# The cold hard truth about reconciliation.



## jlcrome (Nov 5, 2017)

This is the cold hard truth about separation, divorce, marital problems. This is aim for the couples where one wants to save the marriage and the other wants out. When you reach that point in your marriage I would say it's a done deal. Maybe a 1-3 percent chance to reverse the outcome of divorce. I've read countless times on every marriage forums on the net and usually it ends rarely they make amends.
I would like to say I been reading marriage advice, marriage forums, 180, hi s need her needs, fireproof, love language, love busters and the list goes on forever. Done marriage counseling, prayed day in day out i've done everything possible. But I have came to a conclusion you can possible turn you situation around. Yes I always wonder wtf did so and so stay married and I think that about a lot of married couples. There situation is not much different than yours. Same s%#& yes the crazy arguments being an arse, drugs, cheating you name it. 
So here's the straight up dope if you want to save your marriage!! No bs your spouse is done and your hanging on to dear life. Doesn't matter if wife/husband husband/wife. No book, counseling, seminars goin to change it trust me!!
180 is pure bs but I let you on a reverse phychology that will either second guess your spouse leaving, pursuing a divorce. Yes this will either make them mad as hell at you or after a few weeks reconsidering a possible reconciliation.
This is for those in a situation of one is done and the other is wanting to reconcile. This would only work best if you are still together under the same roof or just separated. Both of have an understanding he/she wants to leave and the other he/she wants to work it out.
I explain this in 4 phases depending on the severity and what actions you can pursue.But I warn anybody doing this to take caution. Don't do this if the partner you are with is unstable or has emotional problems. Take extreme caution from my advice and use good judgement.

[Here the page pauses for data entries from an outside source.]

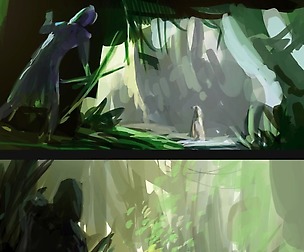 Illustration Basics - Part 01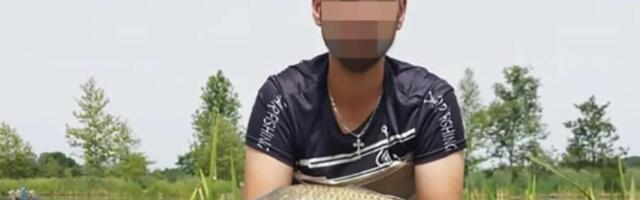 Od udarca joj pukla bubna opna! Luka koji je izbo bivšu partnerku i njenog dedu, i ranije prijavljivan za nasilje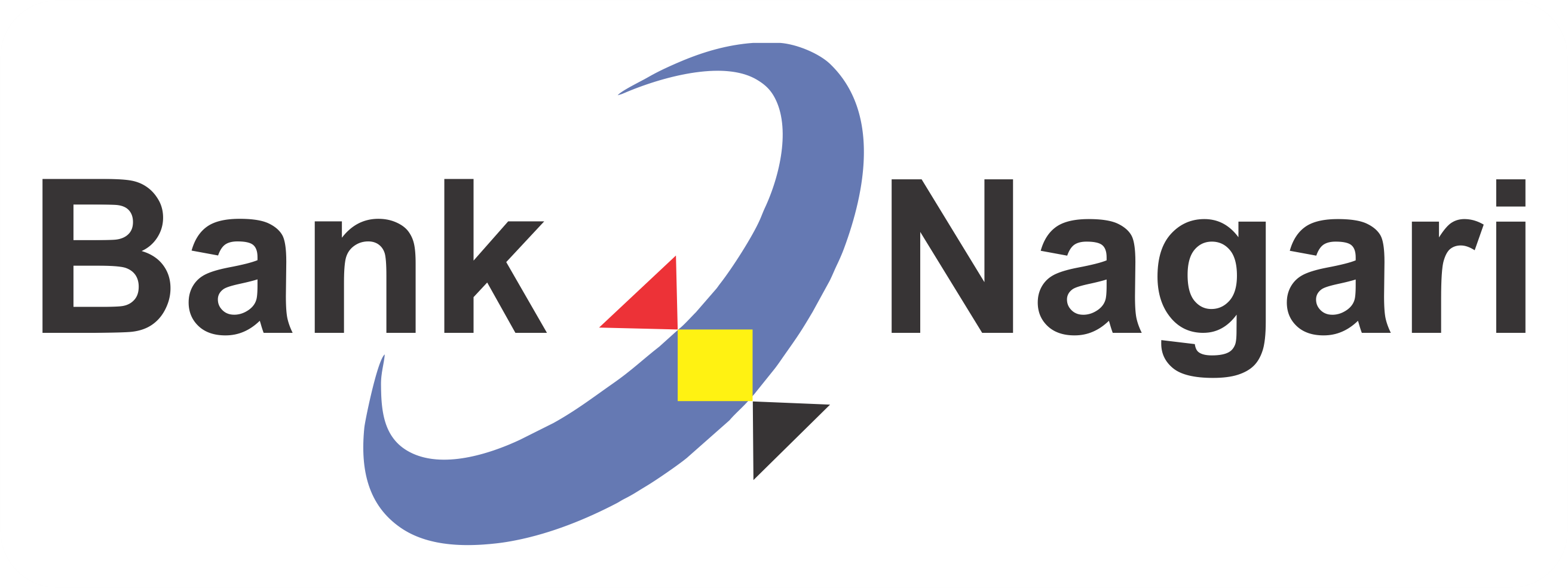 Bank Nagari Logo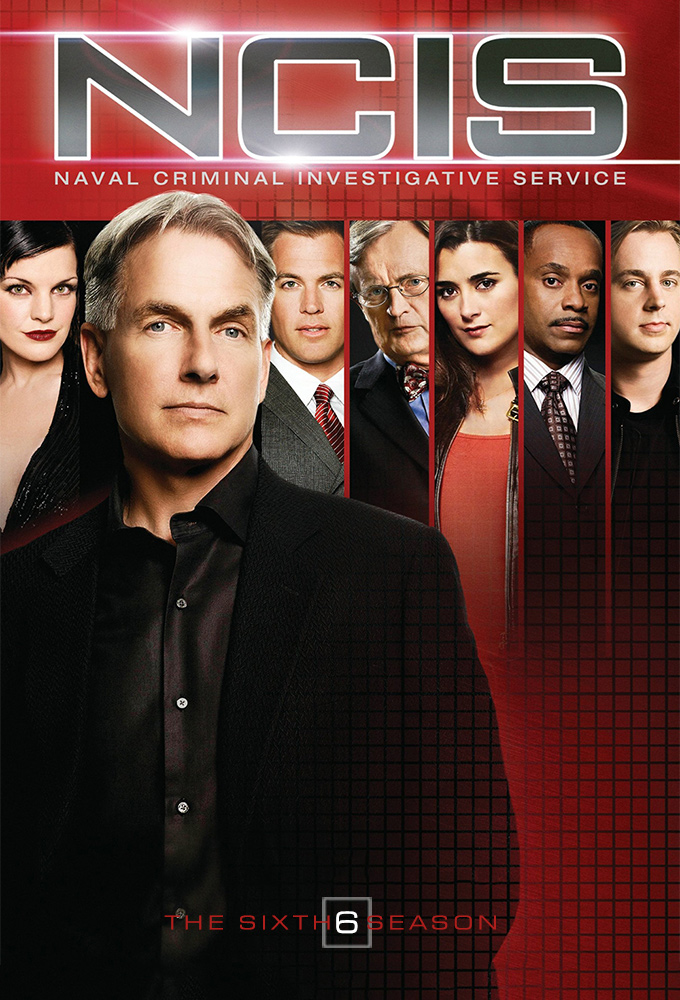 NCIS : Enquêtes spéciales saison 6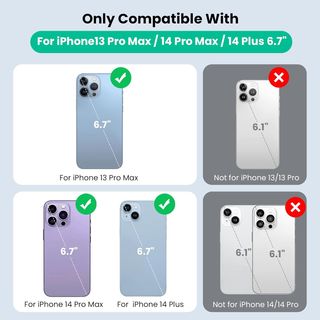BATTERIA IPHONE 14 PLUS -MAX 13 PRO -NUOVA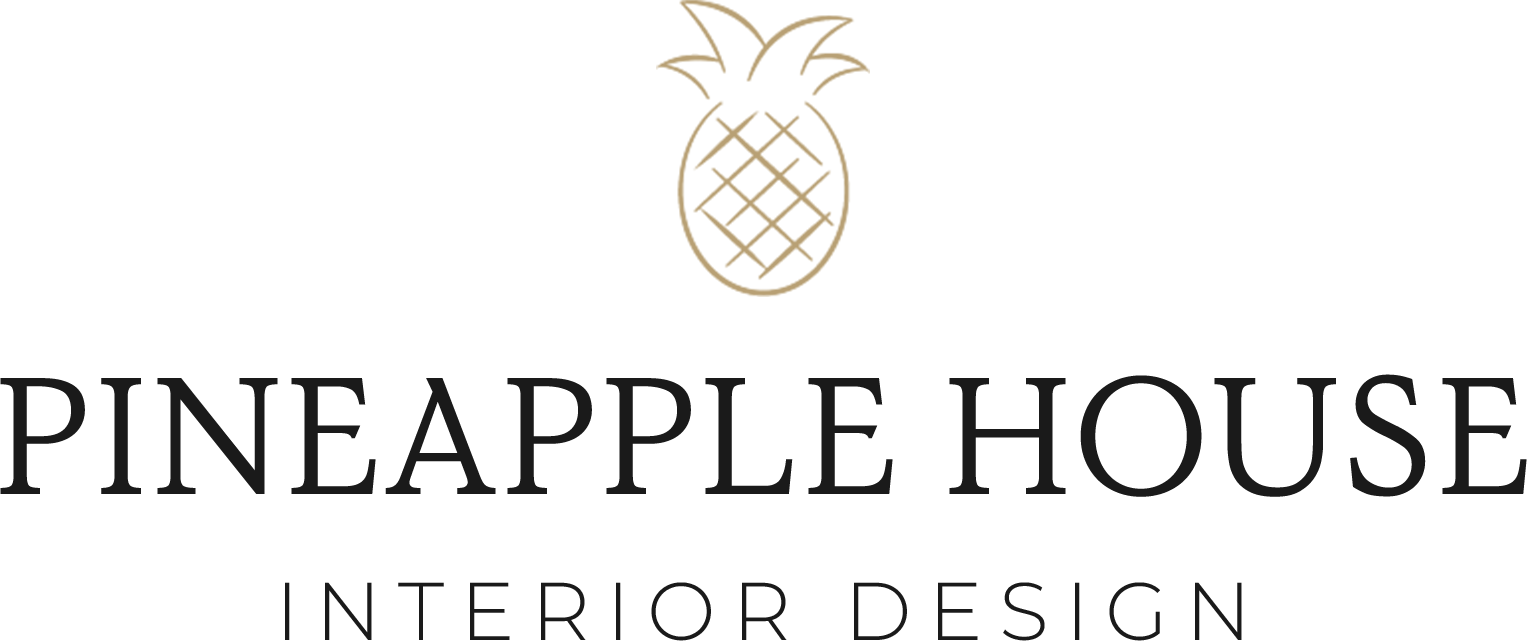 Pineapple House Interior Design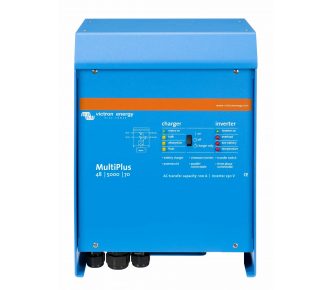 Інвертор Victron Energy MultiPlus 48/5000/70-100 230V VE.Bus (PMP485021010)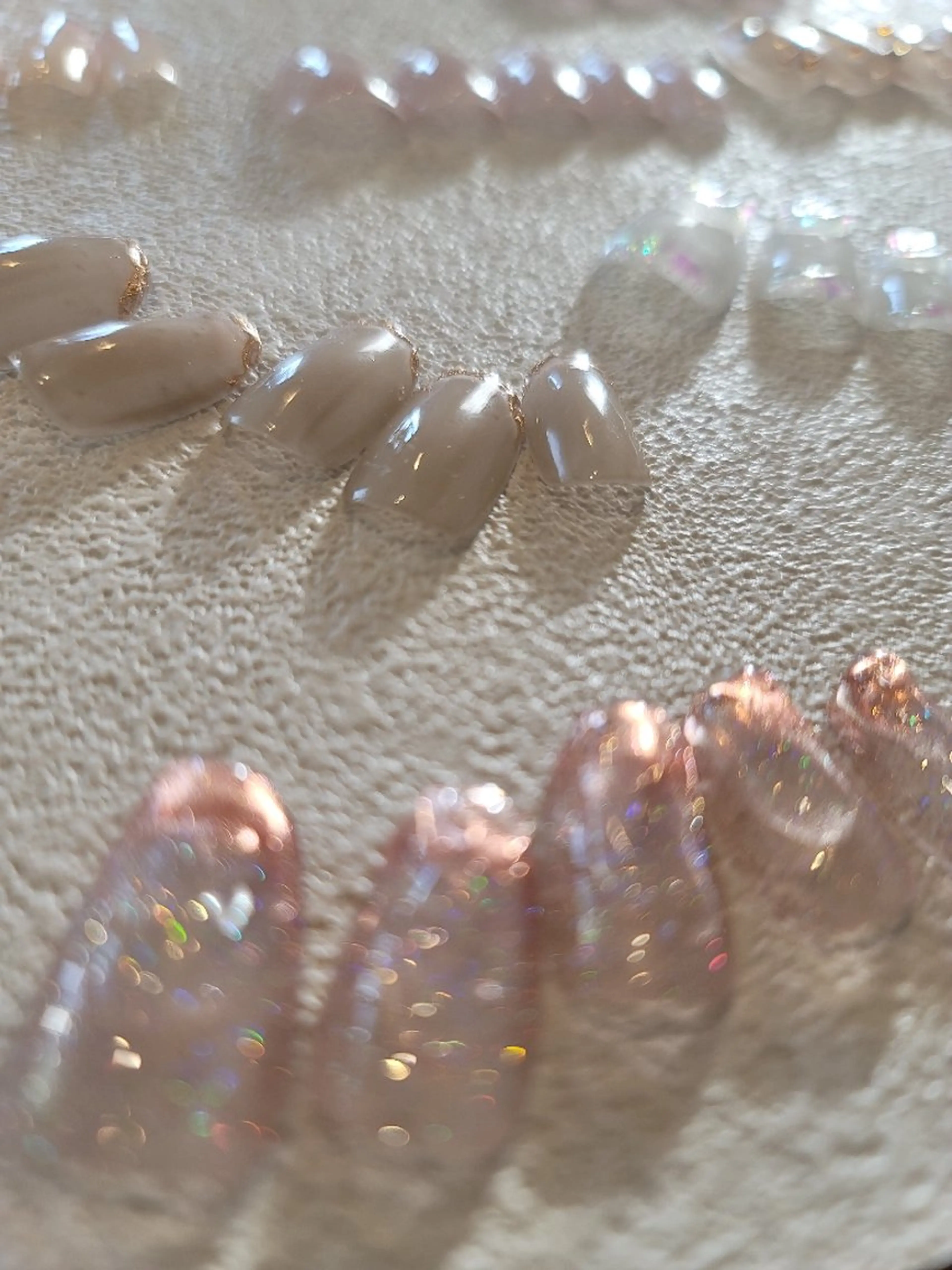 ネイル 🌲🌳🚪iiit o🌲🌳🌲のネイルデザイン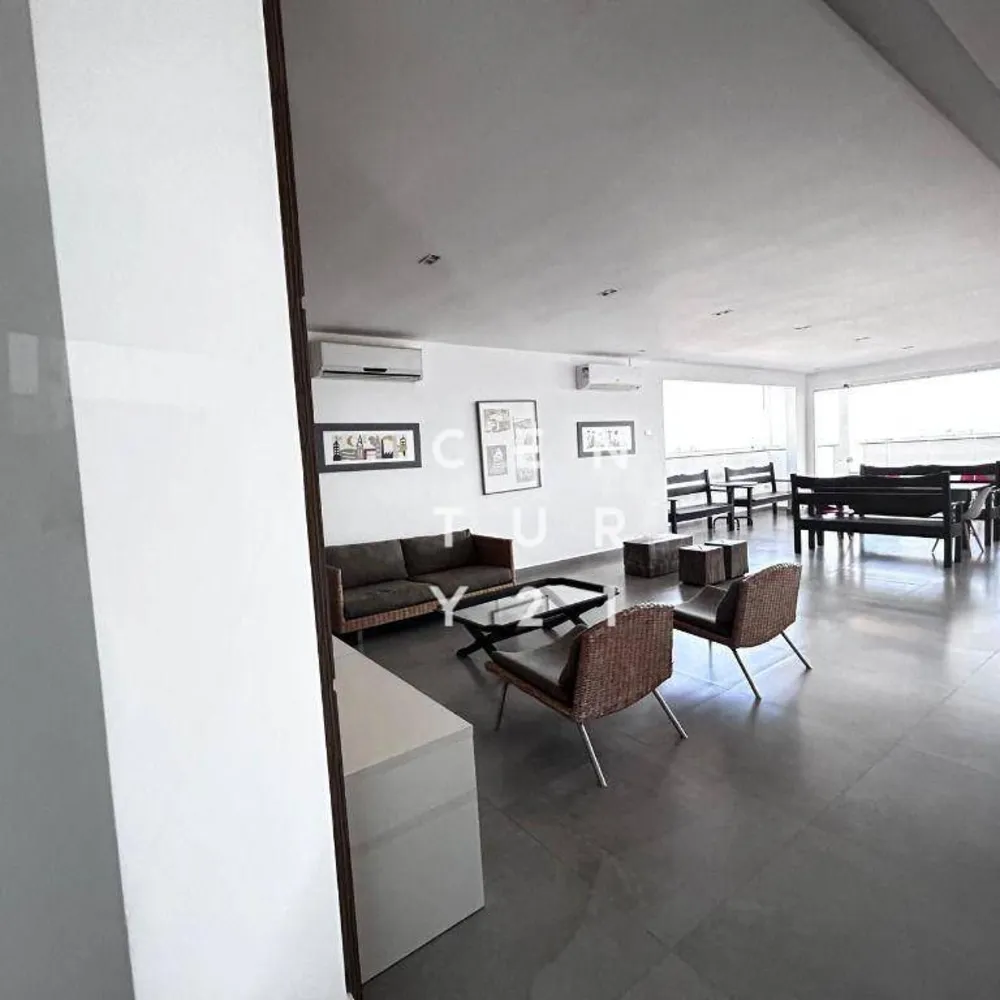 Apartamento, 1 quarto, 40 m² - Foto 3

1. Agree: this is the start point just agree 

2.. Poker face: do you have a good poker face? You partner wants a divorce their done its over nothing you can do. Here is the best solution nothin!!!! Just act status quo go on with life and say nothing. Poker face dont talk at all unless you have to. Let them have full reign in their departure. Keep up the poker face indefinitely. This phychology flips on them to ever time. Even if they leave you have the next 2 steps to follow.
3. Flip the scrip: this one is used if there is no noticable changes. You got to rewrite history from them leaving you to you leaving them. But not in a hostile way. Make the situation look like you are more inclined to divorce. But gotta be cool not in an agressive way. Back in their mind they think they have control when you pull this on them they lost their control of the situation. Doesnt mean you run to the lawyer absolutely not. Act confident! Divorce is appealing!! But in a calm way be polite. 
4. This is when you are totally separated. You gotta do this perfectly!! Go dark!! Act 100 percent you life is in you control. Do not pursue!! Do not call, text only if it is necessary. Only keep calls at minimum and text minimum. Do not talk your spouse into reconciling. No!! You make the biggest blunder ever. You got to use the best poker face for weeks or months. 
This will turn the table on them Yes!! Wait it out either two things will happen. They will give in or pursue divorce. So what happens if they want to reconnect? The answer string their arse along. Do not give in that day it will not work. String them along in uncertainty for at least 3 weeks maybe longer. Act like you're unsure but at the same time open. This will definately put them in a higher gear as the week past along. Drag it out, drag it out gotta make your stbx as serious as possible. If you give in too early the passion will fade trust me. 
Last if none of this works wait until the divorce petition is filed and feel free to try to reconnect. Maybe a last shot of reconnecting the way people always been doing it.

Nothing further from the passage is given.